Below are entries with pictures in them. Output exactly the lines starting at the line with "The TCMPR Plotter" and ending at the line with "Hello, I'm Stephen", both included, but not the pictures.

*** PROVIDED ENTRIES

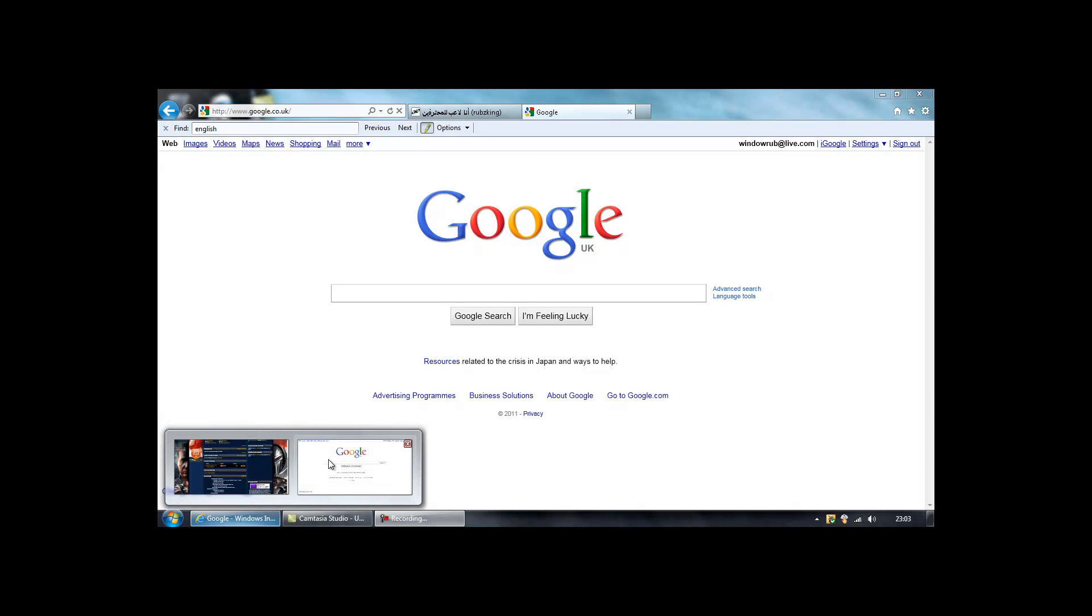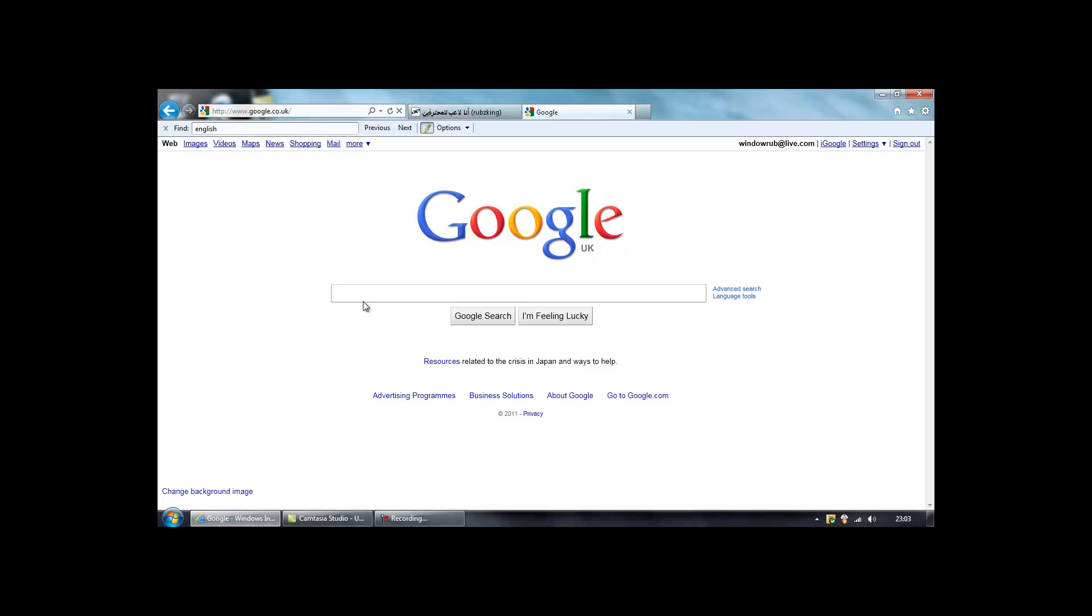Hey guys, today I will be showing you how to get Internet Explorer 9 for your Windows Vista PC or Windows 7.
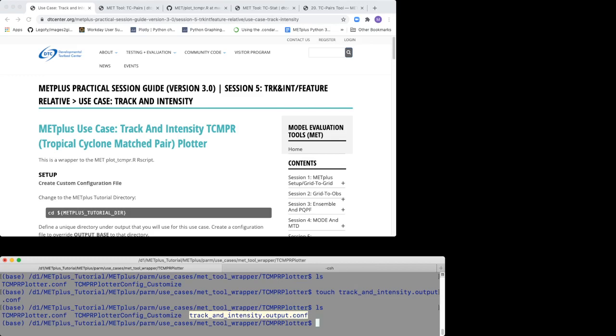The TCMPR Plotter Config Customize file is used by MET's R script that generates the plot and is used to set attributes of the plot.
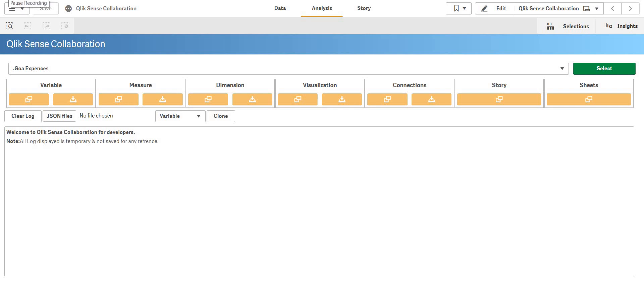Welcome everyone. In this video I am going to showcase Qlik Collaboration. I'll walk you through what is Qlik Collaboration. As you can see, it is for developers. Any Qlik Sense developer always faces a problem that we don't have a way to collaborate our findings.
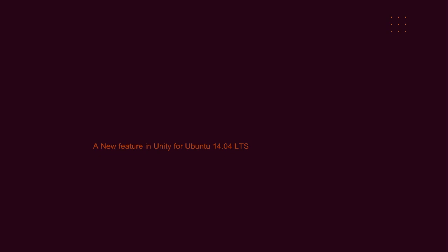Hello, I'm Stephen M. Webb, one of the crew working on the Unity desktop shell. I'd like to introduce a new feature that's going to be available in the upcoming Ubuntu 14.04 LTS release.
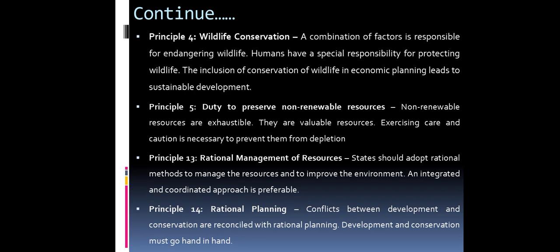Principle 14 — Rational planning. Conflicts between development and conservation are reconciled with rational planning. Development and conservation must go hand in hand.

******
*** PROVIDED ENTRIES

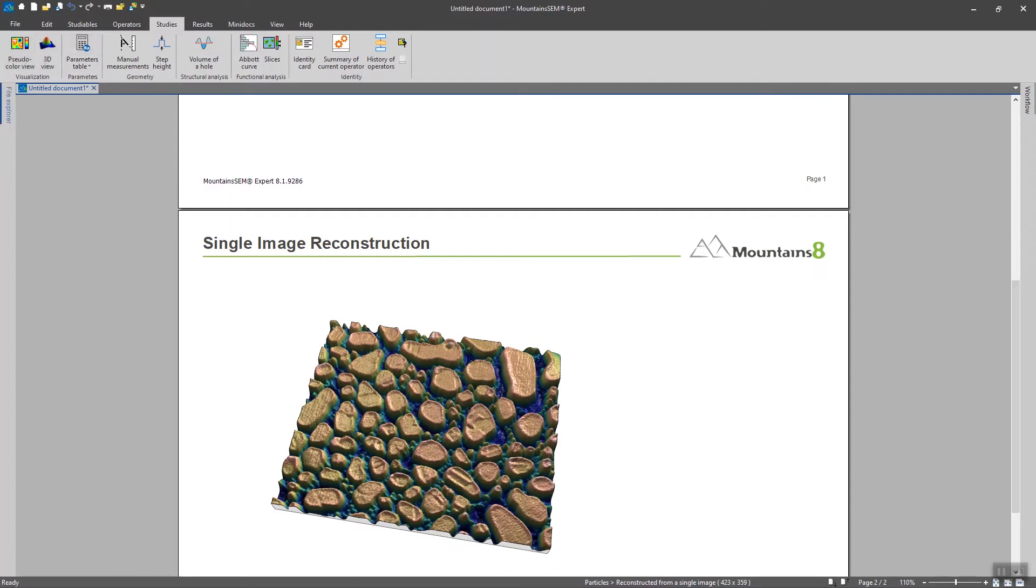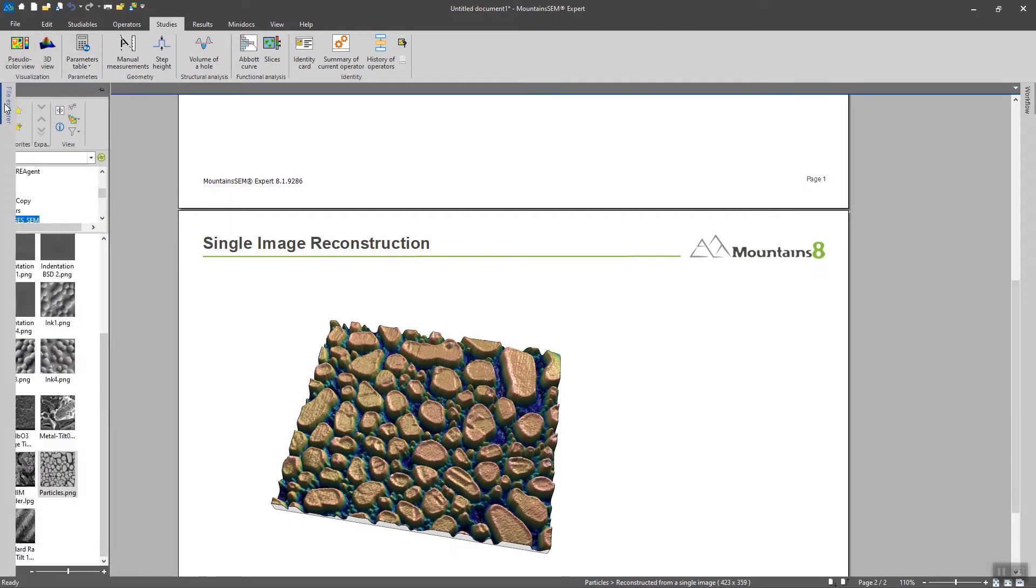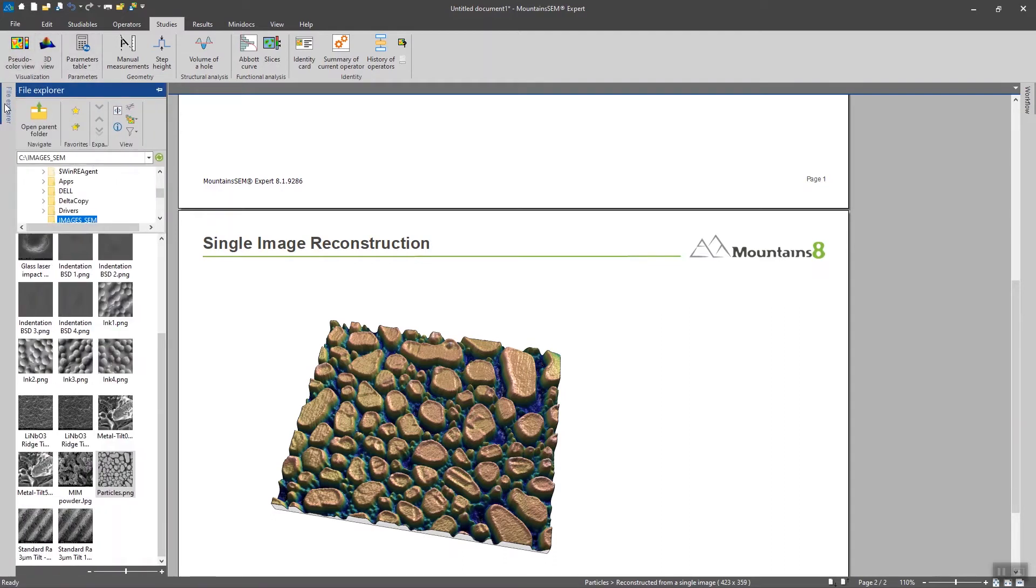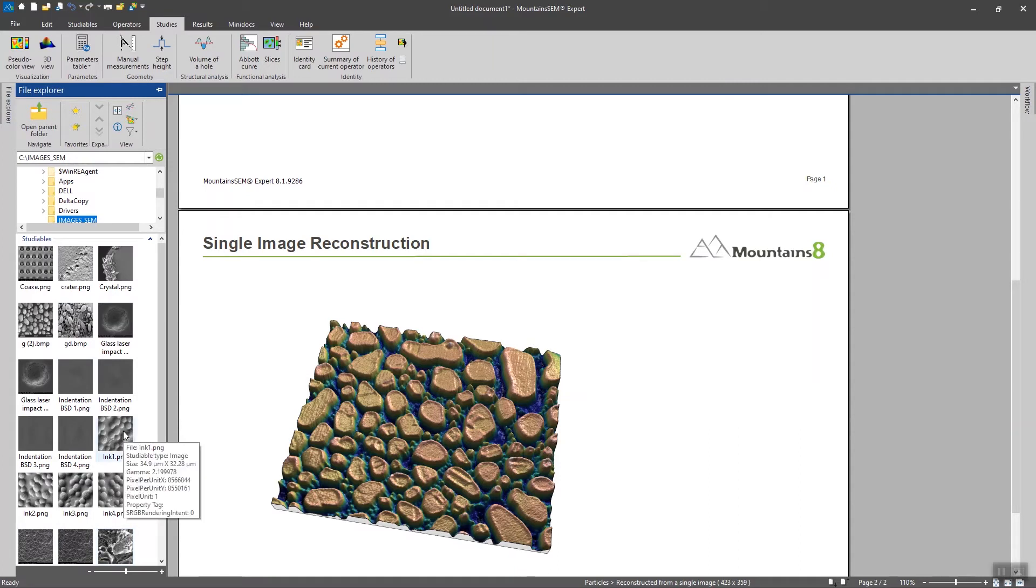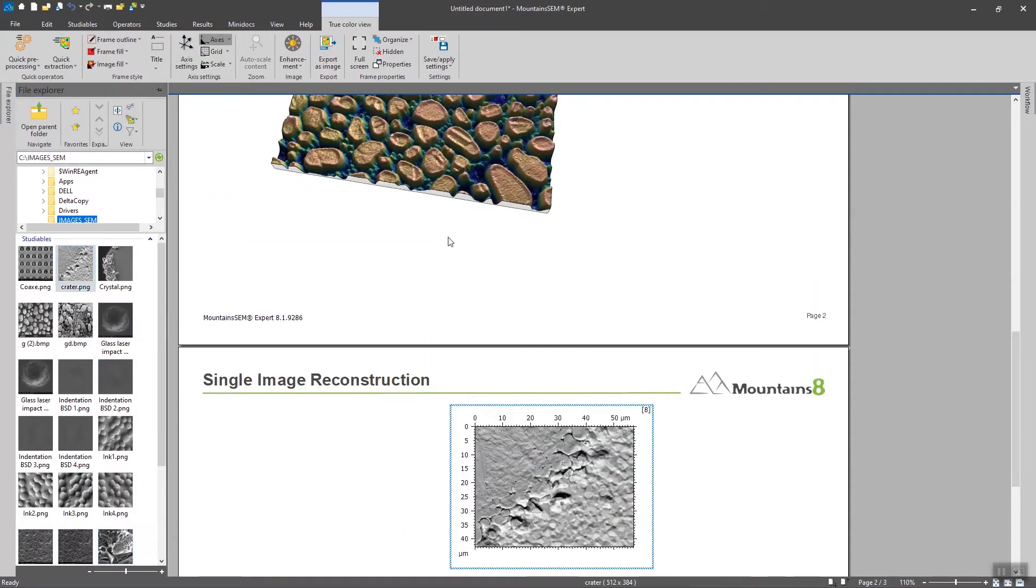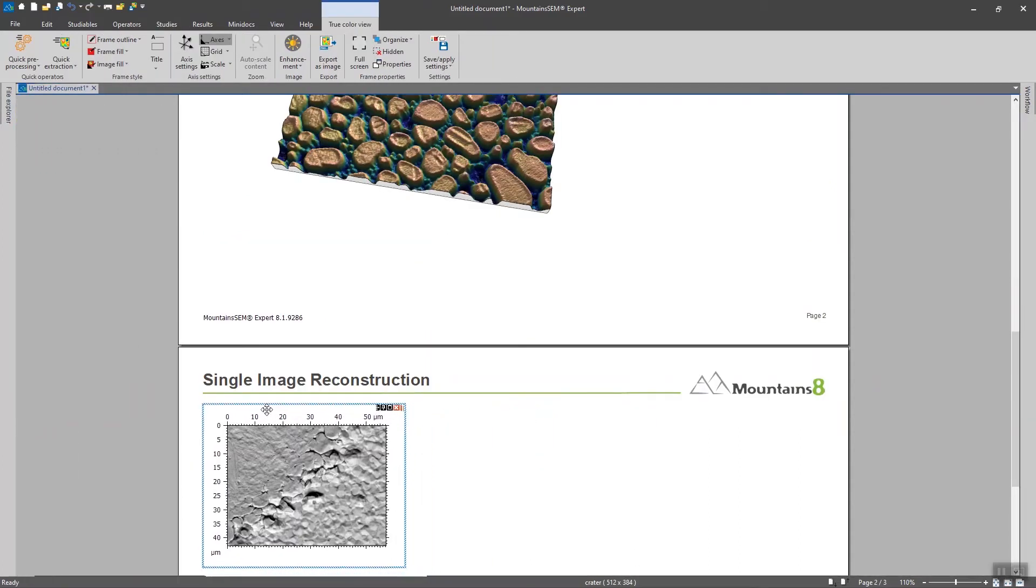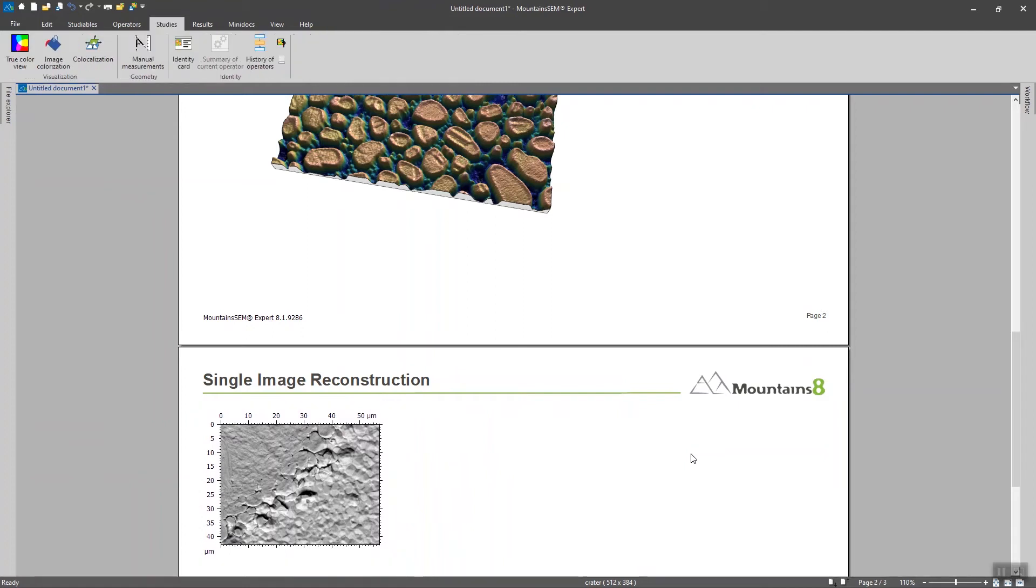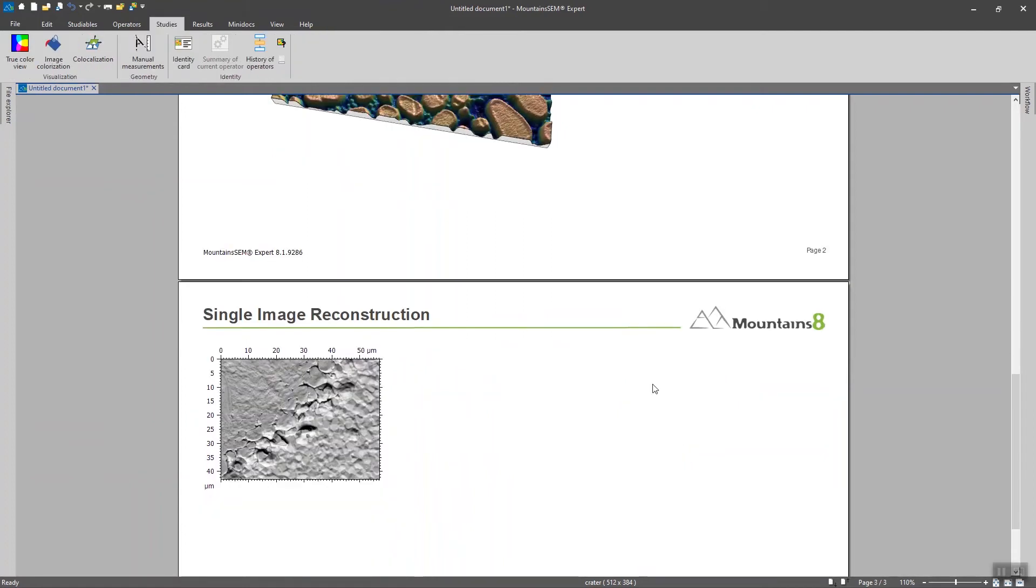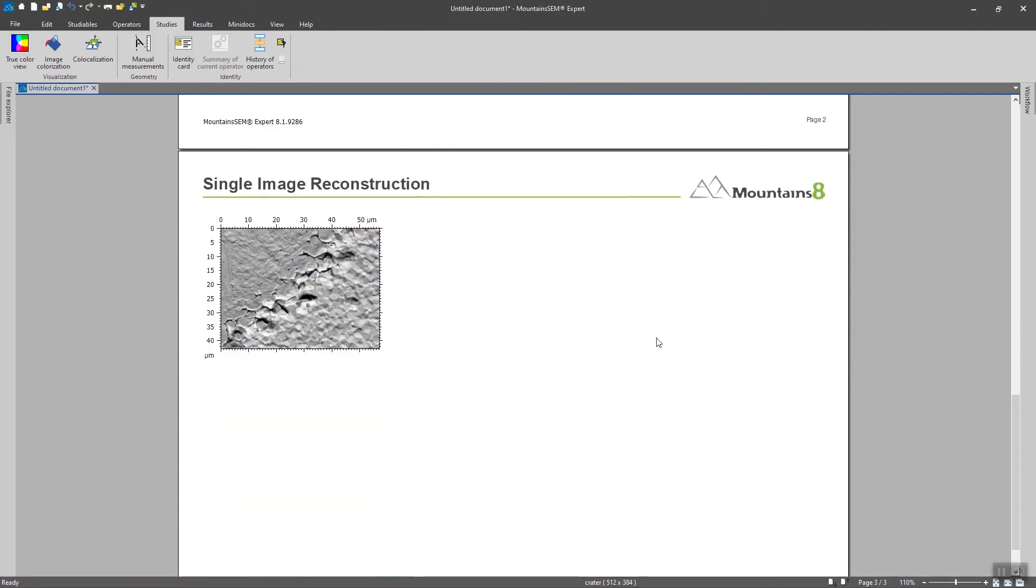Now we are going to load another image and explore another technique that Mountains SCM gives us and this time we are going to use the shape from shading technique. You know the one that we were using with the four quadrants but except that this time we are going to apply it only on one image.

******
*** PROVIDED ENTRIES

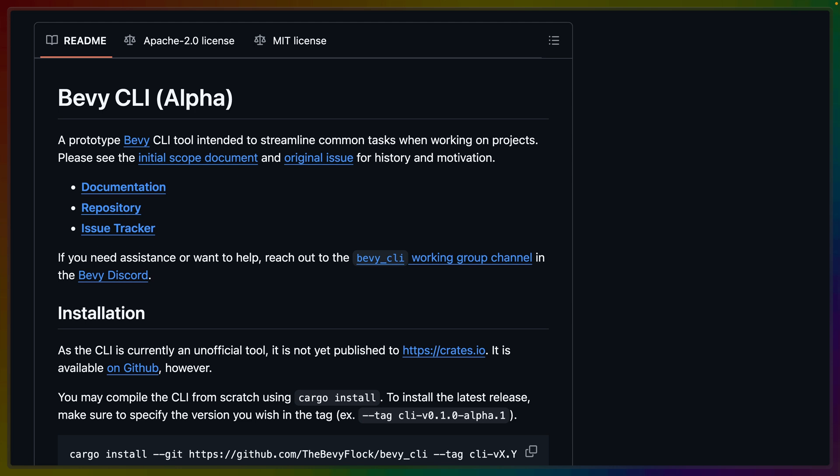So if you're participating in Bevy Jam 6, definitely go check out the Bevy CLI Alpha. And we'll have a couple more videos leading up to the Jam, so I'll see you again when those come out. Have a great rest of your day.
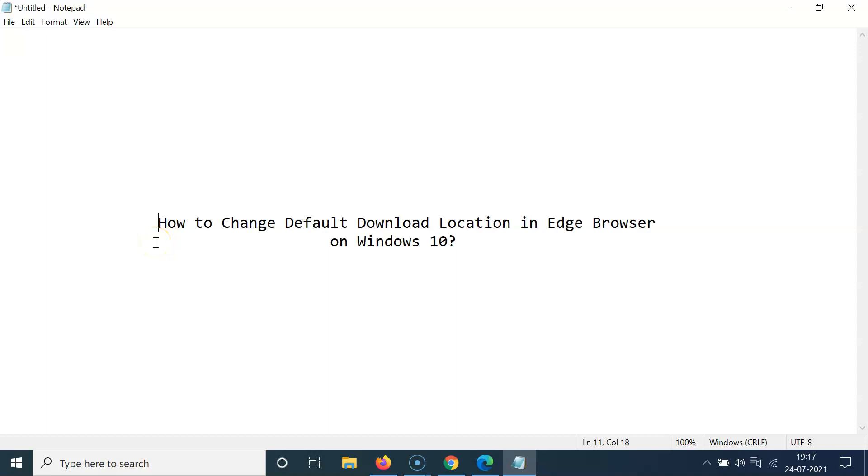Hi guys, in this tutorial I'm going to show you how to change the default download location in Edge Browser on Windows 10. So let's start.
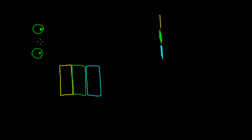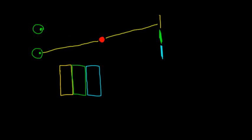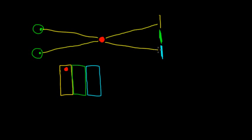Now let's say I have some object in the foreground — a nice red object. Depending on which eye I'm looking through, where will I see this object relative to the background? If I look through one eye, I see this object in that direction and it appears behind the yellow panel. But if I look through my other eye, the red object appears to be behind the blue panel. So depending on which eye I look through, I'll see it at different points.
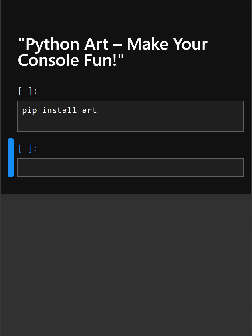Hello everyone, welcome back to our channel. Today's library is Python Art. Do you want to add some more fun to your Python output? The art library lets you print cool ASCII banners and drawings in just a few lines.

******

● **EXERCISE SOLUTION**
The TCMPR Plotter Config Customize file is used by MET's R script that generates the plot and is used to set attributes of the plot.
Welcome everyone. In this video I am going to showcase Qlik Collaboration. I'll walk you through what is Qlik Collaboration. As you can see, it is for developers. Any Qlik Sense developer always faces a problem that we don't have a way to collaborate our findings.
Hello, I'm Stephen M. Webb, one of the crew working on the Unity desktop shell. I'd like to introduce a new feature that's going to be available in the upcoming Ubuntu 14.04 LTS release.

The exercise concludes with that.